Learn more on what and how to make an Sankey diagram. These hands-on samples of the diagrams are available in high resolution for you to print. Sankey diagrams are a specific type of flow diagram, in which the width of the arrows is shown proportionally to the flow quantity. Sankey diagrams put a visual emphasis on the major transfers or flows within a system. They are helpful in locating dominant contributions to an overall flow. Often, Sankey diagrams show conserved quantities within defined system boundaries.
Sankey diagrams are named after Captain Sankey, who created a diagram of steam engine efficiency that used arrows having widths proportional to heat loss. These diagrams summarize all the energy transfers taking place in a process. The thicker the line or arrow, the greater the amount of energy involved. Typically, Sankey diagrams are used to visually show the transfer of energy, money or materials, but they can be used to show the flow of any isolated system process. Sankey diagrams are often used in fields of science especially Physics. They are used to represent energy inputs, useful output and wasted output. Find more examples of the 101 Diagramss in the following images.

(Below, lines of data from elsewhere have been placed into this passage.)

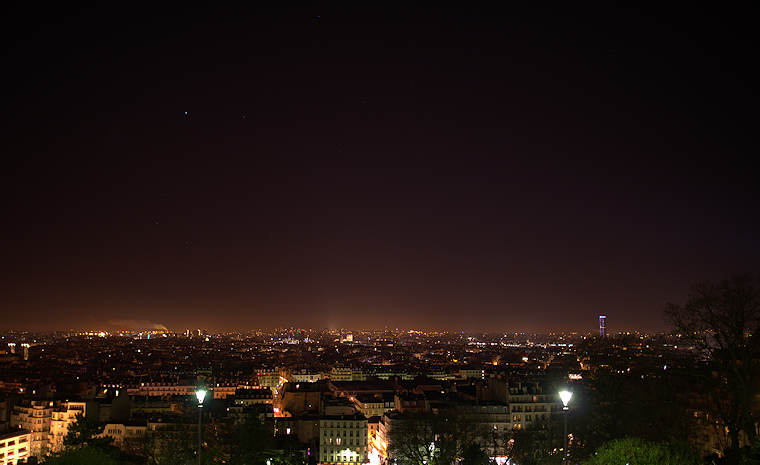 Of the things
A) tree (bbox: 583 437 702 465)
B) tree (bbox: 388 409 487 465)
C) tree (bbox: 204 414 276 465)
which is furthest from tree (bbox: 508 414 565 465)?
tree (bbox: 204 414 276 465)

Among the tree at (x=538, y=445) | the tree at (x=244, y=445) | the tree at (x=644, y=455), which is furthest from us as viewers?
the tree at (x=538, y=445)

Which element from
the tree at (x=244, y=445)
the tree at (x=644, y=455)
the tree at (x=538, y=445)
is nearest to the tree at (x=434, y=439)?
the tree at (x=538, y=445)

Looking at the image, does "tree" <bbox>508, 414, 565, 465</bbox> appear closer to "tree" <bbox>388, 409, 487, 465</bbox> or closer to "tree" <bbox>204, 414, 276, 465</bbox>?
"tree" <bbox>388, 409, 487, 465</bbox>

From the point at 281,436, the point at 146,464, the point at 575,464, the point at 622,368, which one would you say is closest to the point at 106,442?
the point at 146,464

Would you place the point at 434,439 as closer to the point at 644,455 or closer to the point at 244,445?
the point at 244,445

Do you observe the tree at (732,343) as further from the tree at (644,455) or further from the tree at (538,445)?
the tree at (538,445)

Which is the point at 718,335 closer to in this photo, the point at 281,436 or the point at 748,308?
the point at 748,308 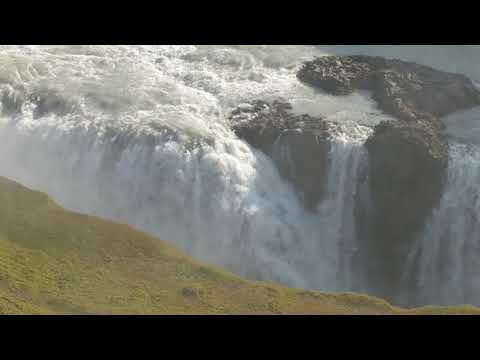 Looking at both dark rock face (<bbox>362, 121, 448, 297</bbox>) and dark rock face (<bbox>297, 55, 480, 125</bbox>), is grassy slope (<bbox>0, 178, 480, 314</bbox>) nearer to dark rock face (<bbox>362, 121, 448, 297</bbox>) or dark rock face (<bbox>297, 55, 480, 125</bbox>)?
dark rock face (<bbox>362, 121, 448, 297</bbox>)

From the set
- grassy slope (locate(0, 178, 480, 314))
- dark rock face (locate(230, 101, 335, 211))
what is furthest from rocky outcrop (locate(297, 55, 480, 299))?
grassy slope (locate(0, 178, 480, 314))

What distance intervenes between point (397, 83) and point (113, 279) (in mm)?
22015

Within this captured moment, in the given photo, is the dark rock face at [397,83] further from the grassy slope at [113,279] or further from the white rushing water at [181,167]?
the grassy slope at [113,279]

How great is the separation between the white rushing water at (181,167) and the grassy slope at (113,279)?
7.70 metres

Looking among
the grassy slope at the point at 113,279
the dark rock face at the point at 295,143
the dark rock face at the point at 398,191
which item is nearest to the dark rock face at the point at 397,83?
the dark rock face at the point at 398,191

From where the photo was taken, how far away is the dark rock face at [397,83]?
99.8 feet

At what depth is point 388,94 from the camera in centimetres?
3083

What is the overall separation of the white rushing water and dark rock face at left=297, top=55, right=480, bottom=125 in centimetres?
164

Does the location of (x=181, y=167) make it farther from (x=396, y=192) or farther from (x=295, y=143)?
(x=396, y=192)

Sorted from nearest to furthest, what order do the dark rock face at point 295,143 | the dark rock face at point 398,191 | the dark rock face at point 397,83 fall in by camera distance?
1. the dark rock face at point 398,191
2. the dark rock face at point 295,143
3. the dark rock face at point 397,83

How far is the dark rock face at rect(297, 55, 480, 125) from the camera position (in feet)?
99.8

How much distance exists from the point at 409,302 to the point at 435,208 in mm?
4083

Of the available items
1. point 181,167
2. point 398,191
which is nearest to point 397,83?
point 398,191

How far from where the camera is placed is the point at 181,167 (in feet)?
81.4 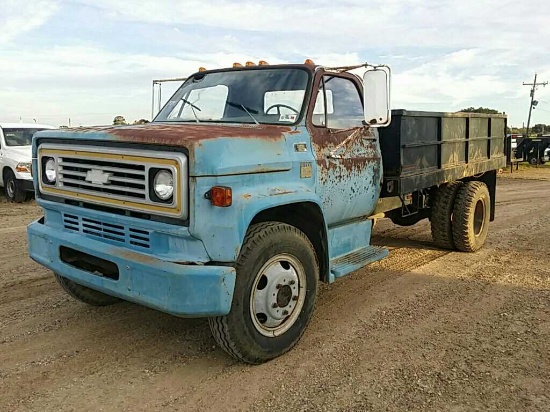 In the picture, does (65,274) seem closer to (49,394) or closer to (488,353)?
(49,394)

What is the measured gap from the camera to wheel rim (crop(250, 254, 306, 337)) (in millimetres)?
3812

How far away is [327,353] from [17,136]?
38.2 ft

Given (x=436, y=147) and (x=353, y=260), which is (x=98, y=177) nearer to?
(x=353, y=260)

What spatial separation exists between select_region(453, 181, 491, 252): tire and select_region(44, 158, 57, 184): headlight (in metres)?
5.03

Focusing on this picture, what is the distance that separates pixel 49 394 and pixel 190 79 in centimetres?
329

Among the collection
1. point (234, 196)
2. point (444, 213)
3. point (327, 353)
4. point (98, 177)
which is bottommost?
point (327, 353)

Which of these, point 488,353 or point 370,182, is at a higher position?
point 370,182

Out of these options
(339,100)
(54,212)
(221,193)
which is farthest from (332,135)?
(54,212)

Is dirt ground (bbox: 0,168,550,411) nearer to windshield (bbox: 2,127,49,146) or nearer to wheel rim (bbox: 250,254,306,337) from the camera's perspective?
wheel rim (bbox: 250,254,306,337)

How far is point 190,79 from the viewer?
5.52 meters

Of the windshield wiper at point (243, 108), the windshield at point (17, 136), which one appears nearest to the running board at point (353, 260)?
the windshield wiper at point (243, 108)

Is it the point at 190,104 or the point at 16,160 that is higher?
the point at 190,104

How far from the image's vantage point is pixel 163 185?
346cm

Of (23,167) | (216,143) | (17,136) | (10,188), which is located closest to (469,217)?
(216,143)
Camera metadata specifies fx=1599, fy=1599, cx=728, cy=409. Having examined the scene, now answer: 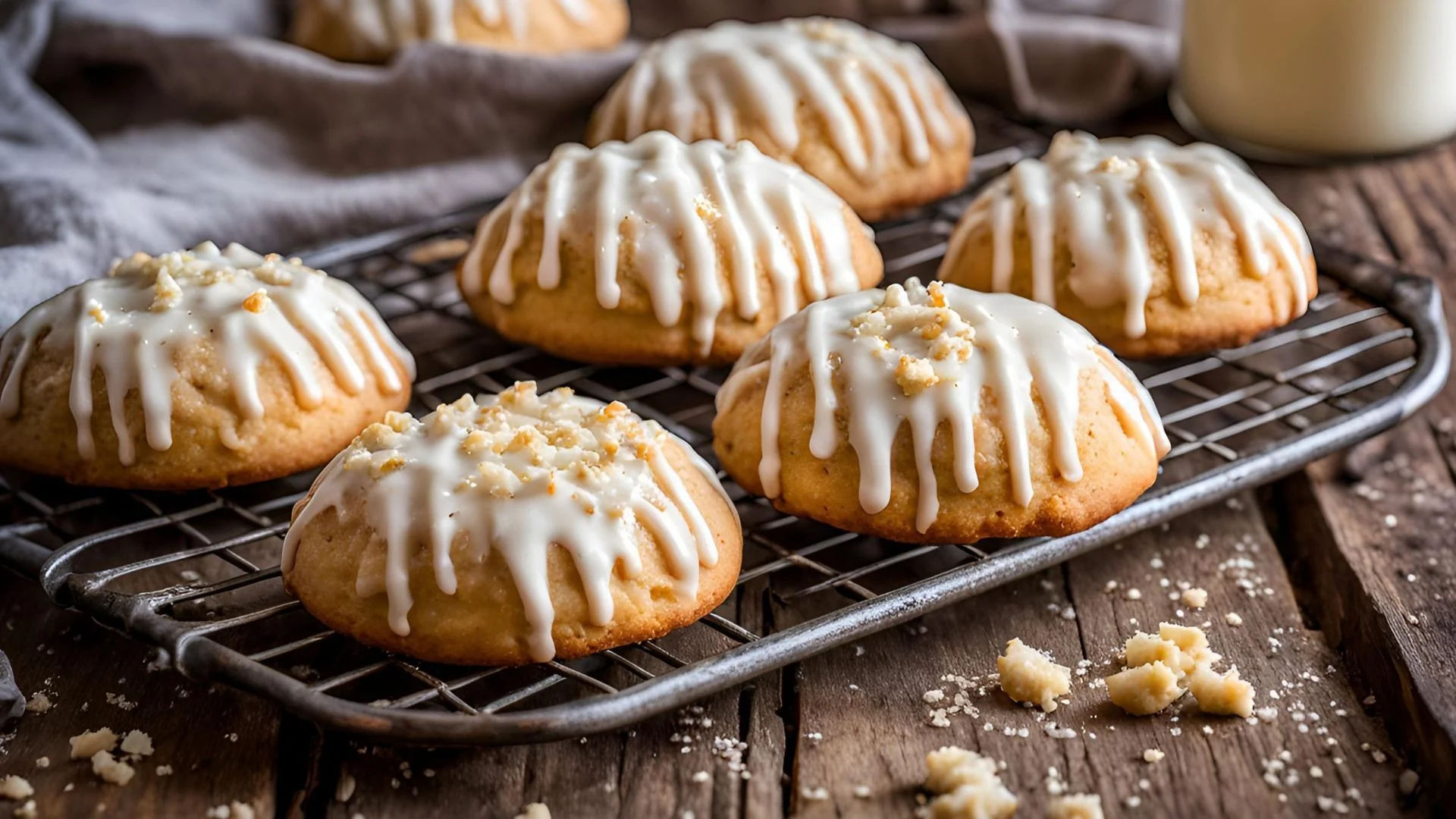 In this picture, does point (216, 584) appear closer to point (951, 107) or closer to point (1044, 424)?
point (1044, 424)

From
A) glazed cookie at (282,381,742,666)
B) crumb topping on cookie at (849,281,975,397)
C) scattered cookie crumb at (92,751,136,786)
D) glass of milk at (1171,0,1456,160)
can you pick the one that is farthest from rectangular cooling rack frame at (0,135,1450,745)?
glass of milk at (1171,0,1456,160)

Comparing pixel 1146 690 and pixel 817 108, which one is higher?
pixel 817 108

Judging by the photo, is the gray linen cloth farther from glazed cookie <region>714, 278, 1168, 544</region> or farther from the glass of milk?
glazed cookie <region>714, 278, 1168, 544</region>

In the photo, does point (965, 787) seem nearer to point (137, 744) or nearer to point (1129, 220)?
point (137, 744)

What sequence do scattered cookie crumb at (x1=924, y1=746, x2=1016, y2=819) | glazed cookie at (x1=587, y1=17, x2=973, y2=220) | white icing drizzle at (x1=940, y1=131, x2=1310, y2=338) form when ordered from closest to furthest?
scattered cookie crumb at (x1=924, y1=746, x2=1016, y2=819) → white icing drizzle at (x1=940, y1=131, x2=1310, y2=338) → glazed cookie at (x1=587, y1=17, x2=973, y2=220)

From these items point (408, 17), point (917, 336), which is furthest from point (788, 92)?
point (917, 336)

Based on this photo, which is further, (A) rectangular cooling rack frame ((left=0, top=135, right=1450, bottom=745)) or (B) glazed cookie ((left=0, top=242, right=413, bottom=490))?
(B) glazed cookie ((left=0, top=242, right=413, bottom=490))

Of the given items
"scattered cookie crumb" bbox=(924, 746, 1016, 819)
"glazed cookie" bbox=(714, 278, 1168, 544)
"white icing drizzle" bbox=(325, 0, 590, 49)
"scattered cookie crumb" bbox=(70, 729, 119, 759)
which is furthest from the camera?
"white icing drizzle" bbox=(325, 0, 590, 49)

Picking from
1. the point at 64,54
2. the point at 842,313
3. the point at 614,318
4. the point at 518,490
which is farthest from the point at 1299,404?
the point at 64,54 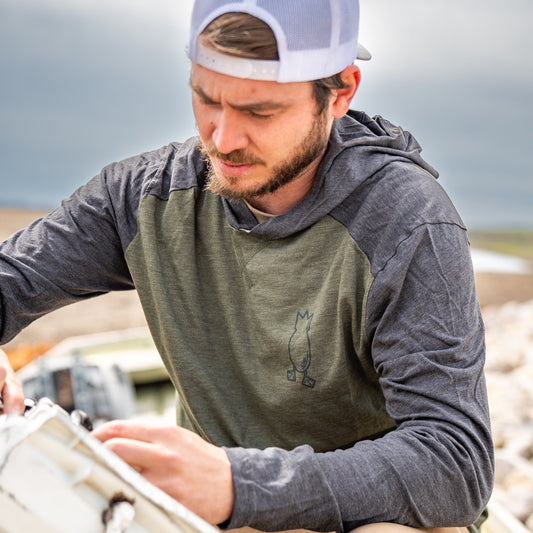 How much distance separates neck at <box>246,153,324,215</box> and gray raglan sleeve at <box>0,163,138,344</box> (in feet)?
1.10

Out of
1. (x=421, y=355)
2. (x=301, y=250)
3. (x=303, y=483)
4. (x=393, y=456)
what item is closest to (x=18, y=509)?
(x=303, y=483)

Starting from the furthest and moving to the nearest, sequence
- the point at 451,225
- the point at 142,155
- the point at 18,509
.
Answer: the point at 142,155 < the point at 451,225 < the point at 18,509

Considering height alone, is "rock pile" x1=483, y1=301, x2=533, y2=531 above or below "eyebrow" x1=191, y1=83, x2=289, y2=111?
below

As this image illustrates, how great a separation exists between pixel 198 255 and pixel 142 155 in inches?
13.6

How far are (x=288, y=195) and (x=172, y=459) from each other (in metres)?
0.77

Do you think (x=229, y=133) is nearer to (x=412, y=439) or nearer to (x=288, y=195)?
(x=288, y=195)

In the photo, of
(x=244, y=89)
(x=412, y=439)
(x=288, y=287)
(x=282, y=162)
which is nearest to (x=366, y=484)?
(x=412, y=439)

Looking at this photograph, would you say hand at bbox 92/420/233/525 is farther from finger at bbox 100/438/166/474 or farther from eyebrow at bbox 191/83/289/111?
eyebrow at bbox 191/83/289/111

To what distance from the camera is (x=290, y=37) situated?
1.39 metres

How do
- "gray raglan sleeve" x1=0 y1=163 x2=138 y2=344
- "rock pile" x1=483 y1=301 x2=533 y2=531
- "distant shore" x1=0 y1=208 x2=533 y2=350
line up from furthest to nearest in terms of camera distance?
"distant shore" x1=0 y1=208 x2=533 y2=350, "rock pile" x1=483 y1=301 x2=533 y2=531, "gray raglan sleeve" x1=0 y1=163 x2=138 y2=344

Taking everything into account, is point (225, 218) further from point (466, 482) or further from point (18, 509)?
point (18, 509)

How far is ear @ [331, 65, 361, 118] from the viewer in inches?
61.2

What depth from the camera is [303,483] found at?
1.16 m

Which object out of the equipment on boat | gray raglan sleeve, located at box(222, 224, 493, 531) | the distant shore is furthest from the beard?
the distant shore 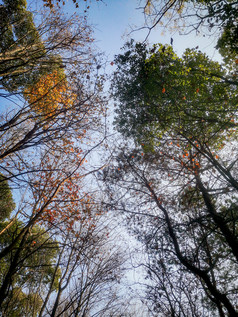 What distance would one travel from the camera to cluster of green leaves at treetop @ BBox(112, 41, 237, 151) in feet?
21.9

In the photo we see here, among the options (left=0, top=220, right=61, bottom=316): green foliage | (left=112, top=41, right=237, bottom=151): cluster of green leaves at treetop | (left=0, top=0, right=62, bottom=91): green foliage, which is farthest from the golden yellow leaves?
(left=0, top=220, right=61, bottom=316): green foliage

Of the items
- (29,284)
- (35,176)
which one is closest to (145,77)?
(35,176)

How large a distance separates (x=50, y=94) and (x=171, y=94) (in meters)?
4.65

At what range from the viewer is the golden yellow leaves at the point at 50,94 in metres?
6.02

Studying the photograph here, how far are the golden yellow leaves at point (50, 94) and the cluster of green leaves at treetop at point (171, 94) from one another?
9.87ft

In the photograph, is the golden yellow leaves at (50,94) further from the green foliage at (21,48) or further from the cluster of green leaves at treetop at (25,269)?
the cluster of green leaves at treetop at (25,269)

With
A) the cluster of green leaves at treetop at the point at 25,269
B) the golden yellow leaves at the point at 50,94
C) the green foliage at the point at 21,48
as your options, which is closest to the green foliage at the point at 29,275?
the cluster of green leaves at treetop at the point at 25,269

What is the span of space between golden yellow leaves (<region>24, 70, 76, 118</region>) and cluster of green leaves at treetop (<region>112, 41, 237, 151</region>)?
3007 mm

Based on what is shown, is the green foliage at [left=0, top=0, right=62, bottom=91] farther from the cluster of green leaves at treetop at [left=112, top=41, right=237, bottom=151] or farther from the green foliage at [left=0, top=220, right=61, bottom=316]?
the green foliage at [left=0, top=220, right=61, bottom=316]

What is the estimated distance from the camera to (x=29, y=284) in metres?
7.78

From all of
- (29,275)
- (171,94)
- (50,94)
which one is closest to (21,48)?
(50,94)

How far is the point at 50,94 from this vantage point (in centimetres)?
630

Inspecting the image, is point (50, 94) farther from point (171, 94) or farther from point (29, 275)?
point (29, 275)

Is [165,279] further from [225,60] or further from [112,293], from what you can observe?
[225,60]
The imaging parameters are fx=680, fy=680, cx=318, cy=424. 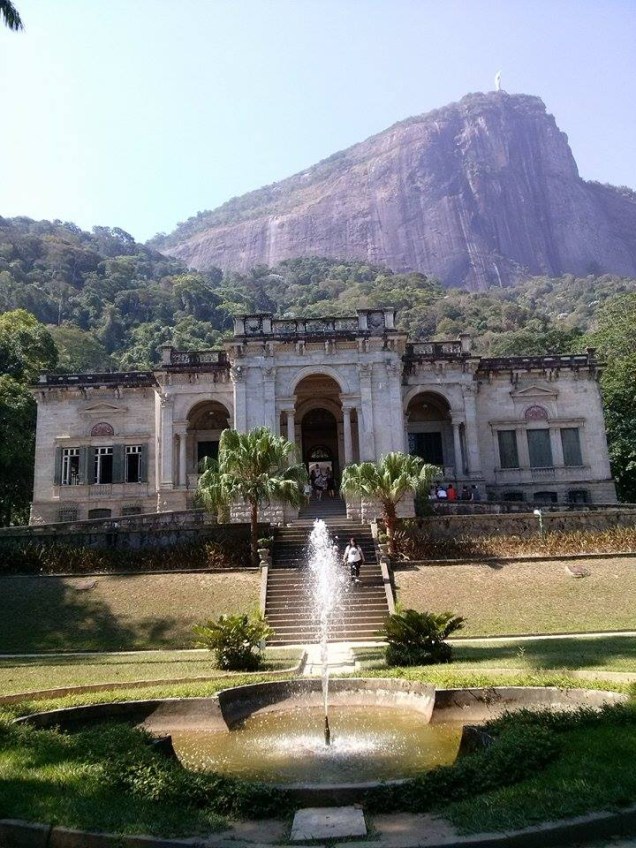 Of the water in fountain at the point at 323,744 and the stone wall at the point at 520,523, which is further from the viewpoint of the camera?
the stone wall at the point at 520,523

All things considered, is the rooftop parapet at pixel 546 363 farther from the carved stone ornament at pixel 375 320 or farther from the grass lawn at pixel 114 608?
the grass lawn at pixel 114 608

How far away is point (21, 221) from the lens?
166 m

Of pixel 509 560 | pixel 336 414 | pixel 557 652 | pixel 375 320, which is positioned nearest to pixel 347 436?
pixel 336 414

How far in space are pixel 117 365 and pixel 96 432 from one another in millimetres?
42944

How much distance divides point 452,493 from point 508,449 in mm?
5843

Sankey Diagrams display flows and their quantities in proportion to one another. The width of the arrows or lines are used to show their magnitudes, so the bigger the arrow, the larger the quantity of flow. Flow arrows or lines can combine together or split through their paths on each stage of a process. Color can be used to divide the diagram into different categories or to show the transition from one state of the process to another.